What is required
Reproduce exactly, and solely, the lines running from the top of the data below through the line with "We give our", both inclusive. Omit pictures.

Provided material
|---|

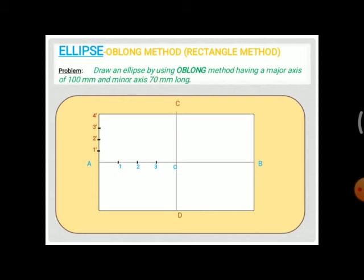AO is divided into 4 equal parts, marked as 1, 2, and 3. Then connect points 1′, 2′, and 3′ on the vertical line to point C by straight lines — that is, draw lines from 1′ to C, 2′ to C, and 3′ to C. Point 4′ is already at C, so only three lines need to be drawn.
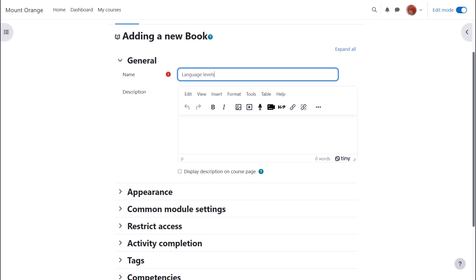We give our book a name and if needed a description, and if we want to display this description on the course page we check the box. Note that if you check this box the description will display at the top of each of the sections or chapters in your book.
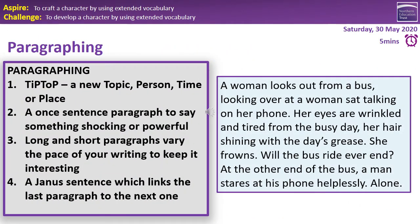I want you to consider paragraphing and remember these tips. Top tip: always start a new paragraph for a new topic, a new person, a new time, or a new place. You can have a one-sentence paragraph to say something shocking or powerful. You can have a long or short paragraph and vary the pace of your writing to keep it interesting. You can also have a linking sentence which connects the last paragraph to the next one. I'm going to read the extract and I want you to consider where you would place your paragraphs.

|---|

Output of the task
AO is divided into 4 equal parts, marked as 1, 2, and 3. Then connect points 1′, 2′, and 3′ on the vertical line to point C by straight lines — that is, draw lines from 1′ to C, 2′ to C, and 3′ to C. Point 4′ is already at C, so only three lines need to be drawn.
We give our book a name and if needed a description, and if we want to display this description on the course page we check the box. Note that if you check this box the description will display at the top of each of the sections or chapters in your book.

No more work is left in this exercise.